**Brief:**
Print this span of the material below exactly: the line with "The Jones Heel", the line with "Interlock Zip-Through Hoodie", and every line between them, but nothing else.

**Available records:**
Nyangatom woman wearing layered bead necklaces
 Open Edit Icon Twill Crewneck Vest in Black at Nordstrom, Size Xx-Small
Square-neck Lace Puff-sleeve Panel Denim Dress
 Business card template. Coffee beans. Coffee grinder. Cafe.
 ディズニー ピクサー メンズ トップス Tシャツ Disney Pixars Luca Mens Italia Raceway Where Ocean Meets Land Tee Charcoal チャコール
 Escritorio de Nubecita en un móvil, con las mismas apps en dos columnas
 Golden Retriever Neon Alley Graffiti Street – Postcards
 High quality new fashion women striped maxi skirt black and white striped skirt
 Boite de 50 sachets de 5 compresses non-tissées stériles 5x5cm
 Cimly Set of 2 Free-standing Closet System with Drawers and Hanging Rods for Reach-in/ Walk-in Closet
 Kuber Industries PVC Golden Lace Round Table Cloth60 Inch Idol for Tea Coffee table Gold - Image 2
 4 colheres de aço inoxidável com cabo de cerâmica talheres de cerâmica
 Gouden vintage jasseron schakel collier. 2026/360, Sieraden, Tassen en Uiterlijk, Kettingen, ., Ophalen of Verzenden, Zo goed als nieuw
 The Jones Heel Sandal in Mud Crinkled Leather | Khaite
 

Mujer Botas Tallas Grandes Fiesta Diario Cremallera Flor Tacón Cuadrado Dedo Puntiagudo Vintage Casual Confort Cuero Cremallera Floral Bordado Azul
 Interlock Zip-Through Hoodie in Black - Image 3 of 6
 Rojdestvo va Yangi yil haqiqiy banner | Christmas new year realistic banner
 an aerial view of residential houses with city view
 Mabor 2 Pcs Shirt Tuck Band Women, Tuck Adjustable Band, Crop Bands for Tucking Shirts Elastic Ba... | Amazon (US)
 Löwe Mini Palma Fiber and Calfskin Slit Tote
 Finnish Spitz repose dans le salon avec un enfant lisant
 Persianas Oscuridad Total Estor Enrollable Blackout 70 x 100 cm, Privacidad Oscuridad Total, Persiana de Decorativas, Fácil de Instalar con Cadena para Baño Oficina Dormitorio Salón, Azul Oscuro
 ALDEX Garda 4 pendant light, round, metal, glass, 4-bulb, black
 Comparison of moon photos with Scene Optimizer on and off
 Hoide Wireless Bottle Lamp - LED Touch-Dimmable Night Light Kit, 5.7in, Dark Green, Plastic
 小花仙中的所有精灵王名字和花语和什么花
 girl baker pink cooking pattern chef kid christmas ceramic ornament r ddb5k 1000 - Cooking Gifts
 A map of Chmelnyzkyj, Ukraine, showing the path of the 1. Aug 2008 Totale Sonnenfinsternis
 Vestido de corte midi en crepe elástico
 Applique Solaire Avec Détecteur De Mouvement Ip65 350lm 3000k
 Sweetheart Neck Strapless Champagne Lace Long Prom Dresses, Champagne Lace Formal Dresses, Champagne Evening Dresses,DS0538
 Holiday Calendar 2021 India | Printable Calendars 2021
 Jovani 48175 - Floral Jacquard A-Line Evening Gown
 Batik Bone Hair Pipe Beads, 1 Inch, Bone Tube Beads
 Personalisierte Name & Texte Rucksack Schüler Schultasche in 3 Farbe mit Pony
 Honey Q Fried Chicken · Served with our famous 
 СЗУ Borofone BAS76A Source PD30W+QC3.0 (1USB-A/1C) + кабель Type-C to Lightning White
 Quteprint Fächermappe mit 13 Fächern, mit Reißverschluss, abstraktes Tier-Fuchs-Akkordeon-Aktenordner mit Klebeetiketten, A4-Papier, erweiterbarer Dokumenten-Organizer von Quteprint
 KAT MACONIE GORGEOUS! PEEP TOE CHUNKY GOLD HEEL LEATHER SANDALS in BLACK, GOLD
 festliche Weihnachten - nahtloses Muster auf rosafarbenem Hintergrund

**Response to the task:**
 The Jones Heel Sandal in Mud Crinkled Leather | Khaite
 

Mujer Botas Tallas Grandes Fiesta Diario Cremallera Flor Tacón Cuadrado Dedo Puntiagudo Vintage Casual Confort Cuero Cremallera Floral Bordado Azul
 Interlock Zip-Through Hoodie in Black - Image 3 of 6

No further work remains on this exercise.